Dog Ear recommends a proofread if your work has already been professionally edited. (Many authors are tempted to receive only a proofread because several friends have already reviewed their manuscript. Unless those friends have been professionally trained as editors, however, no matter how much they read or how well they speak or write English, they have likely not spotted less commonly known errors or spotted potentially confusing passages or plot holes and inconsistencies. In such cases, Dog Ear recommends at least a copyedit.)
"Please let [the editor] know how much I appreciate her work. She has added enormous value to the product. And she has also taken ownership to see to it that this is the best product it can be. I am truly amazed at her skills and commitment. Even seemingly smaller organizational suggestions within sentences of a paragraph makes the text so much better. I told my wife my nickname for [her] is "accept all." There isn't a suggestion that she has made that I have vetoed. Everything she suggests always makes sense. I am very lucky to have her involvement and very grateful for her work! Thanks to you all."
Bob Wagner
The Assassination of JFK: Perspectives A Half-Century Later
Proofreading is good. It catches basic mistakes. Most manuscripts, however, benefit from the services of a copyeditor ,who spends time on structure, flow, and consistency. Our editors work through manuscripts from start to finish, often reading each work in its entirety two or three times. They look for all of the items a proofreading editor seeks but also address sentence structure, paragraph structure, word choice, flow, tense, and consistency. Our editors add queries and suggest basic structural changes. The objective is to improve readability. This is our most used editorial service.
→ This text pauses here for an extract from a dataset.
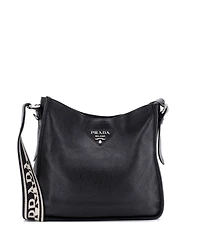 Pre-Owned Prada Medium Logo Strap Crossbody Bag Vitello Daino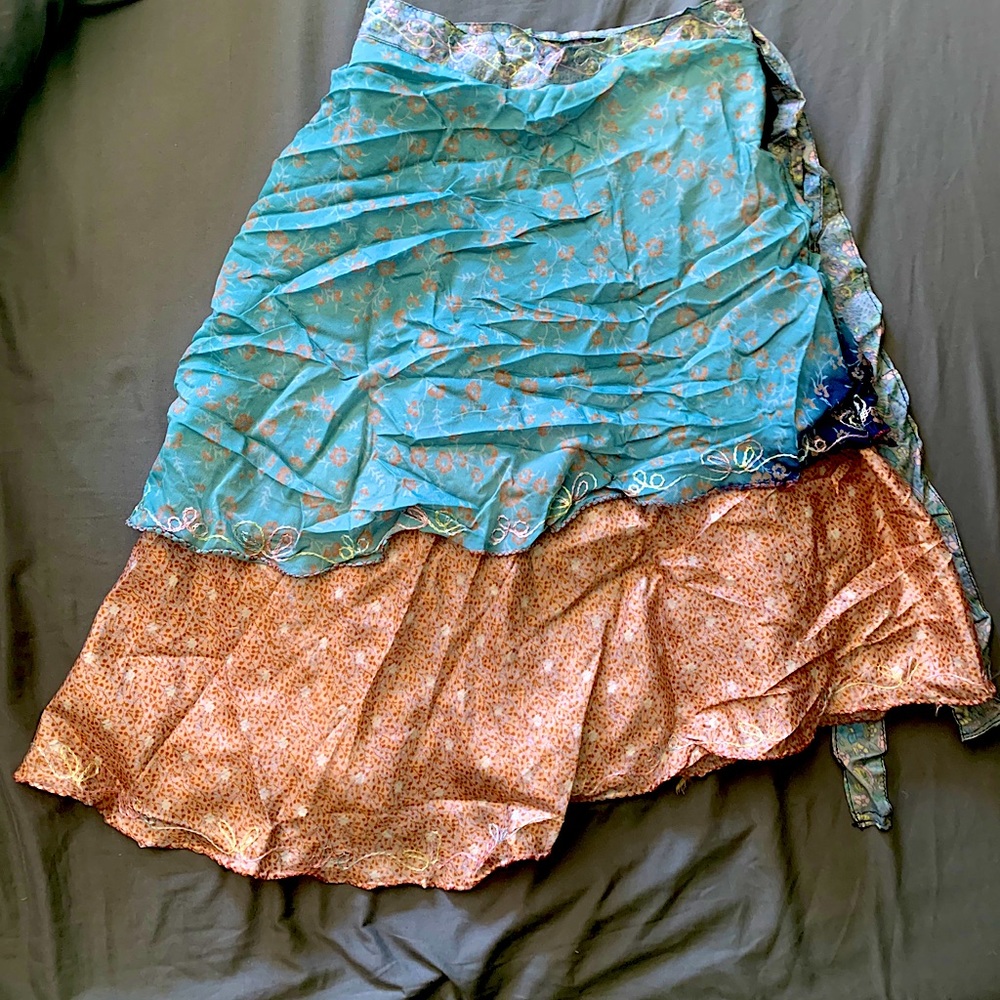 2 layer silk wrap skirt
Be aware that although the copyeditor corrects and comments on structure, flow, and consistency, he or she does not generally critique or address the manuscript’s plot development, market appeal, or character development.
Dog Ear recommends a copyedit for most manuscripts. A professionally trained editor, like those at Dog Ear, has been trained not only on how to spot technical and grammatical errors but also on how to spot and correct passages that can be read or misunderstood in ways the author did not intend, how to recognize plot and character inconsistencies, and even how to rearrange paragraphs to more effectively express an idea. Dog Ear’s editors can also streamline and polish your text. We all use redundancies and “filler” words in the course of our everyday lives, but many of these common words and phrases generally serve to weaken rather than strengthen written text. Dog Ear editors recognize and eliminate these to strengthen your text, going above and beyond ensuring that your text is simply clean and technically correct.
“Traditional” publishers consider this service, also known as a production edit, the most critical to produce an anticipated best seller. This service is a combination of a copyedit and a literary critique. Because this service also includes all of the tasks performed in a copyedit, the analysis is often more in-depth than in a literary critique. It discusses the greatest strengths in your manuscript as well as areas for improvement, which may include storyline, character development, focus, and overall structure.
If yours is a business or technical book, the literary edit focuses on how well you have communicated your topic and the depth to which you have addressed issues and provided solutions. In a work of fiction or in a nonfiction narrative, the edit focuses on such issues as character development and consistency, stylistic methodologies, and storyline progression.
Dog Ear recommends a literary edit for the author who wants his or her text to receive the technical and stylistic attention of a copyedit as well as the structural attention of a literary critique.